До сей поры Осокин воспринимал фашизм весьма отвлеченно, по-книжному, как бы со стороны. Для него со школьных лет стало аксиомой, что фашистская идеология человеконенавистничества породила и нелюдей, посягнувших на нашу землю, злобных и коварных в достижении своих преступных целей, и верных их прислужников-пре-дателей всех мастей. Но одно дело, когда это только представляешь умозрительно, а другое — когда пришлось столкнуться с ними лицом к лицу… '
От одной мысли о том, что творили эти палачи с простыми, ни в чем не повинными советскими людьми, у Осокина невольно кулаки сжимались. Но, как следователь, права на проявление собственных эмоций он, конечно, не имел. Всячески сдерживал себя на допросах Ахрещука, Михайличенко и Пельца, даже голоса не. повышал.
Еще большим испытанием теперь виделась ему и предстоящая новая встреча с Зяпиным, который, конечно, еще пребывал в полной уверенности, что истинное его лицо не раскрыто.
Не помешало бы до встречи с ним яснее понять и то, что же его толкнуло на измену.
Месть? Осокину пришлось читать не только художественные повествования и публицистические статьи о власовцах, о карателях и о фашистских прислужниках немцев, но и отчеты о судебных процессах над ними. Как раз там это чувство мести чаще всего и выступало на первый план, когда заходила речь о предательстве кулацких сынков, всяких отщепенцев и бывших уголовников. Ну а Зяпин, кто он, почему переметнулся к немцам?
В этом Осокину еще только предстояло разобраться.
19
Осокин вернулся в Озерницк ночью, утром поспешил к прокурору. Ему не терпелось поделиться добытым материалом и своими мыслями с Русановым. Но прокурор оказался в отъезде, его вызвали на совещание в область, а заместитель Новиков готовился к обвинительной речи на довольно сложном судебном процессе и заперся в кабинете, не принимая никого.

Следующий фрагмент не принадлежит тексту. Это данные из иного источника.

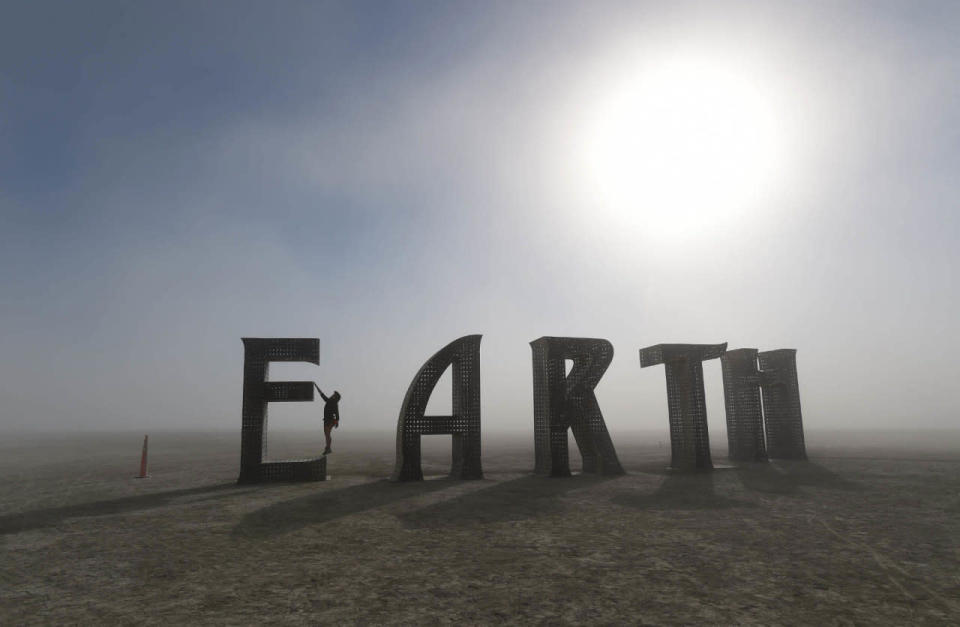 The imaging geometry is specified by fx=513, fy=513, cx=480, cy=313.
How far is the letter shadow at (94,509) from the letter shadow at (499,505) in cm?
601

Тогда Осокин пошел к Лотинцеву и под его началом, оперируя лишь показаниями допрошенных свидетелей, составил фоторобот Фогта. Получился довольно неприятный тип, с проплешиной, широкоскулый, горбоносый. За отсутствием фотокарточки Скулана — Фогта пока что для его розыска мог сгодиться и такой фоторобот.
В тот же день Осокин встретился и со своим подследственным, все еще числившимся в следственном изоляторе под фамилией Охрименко.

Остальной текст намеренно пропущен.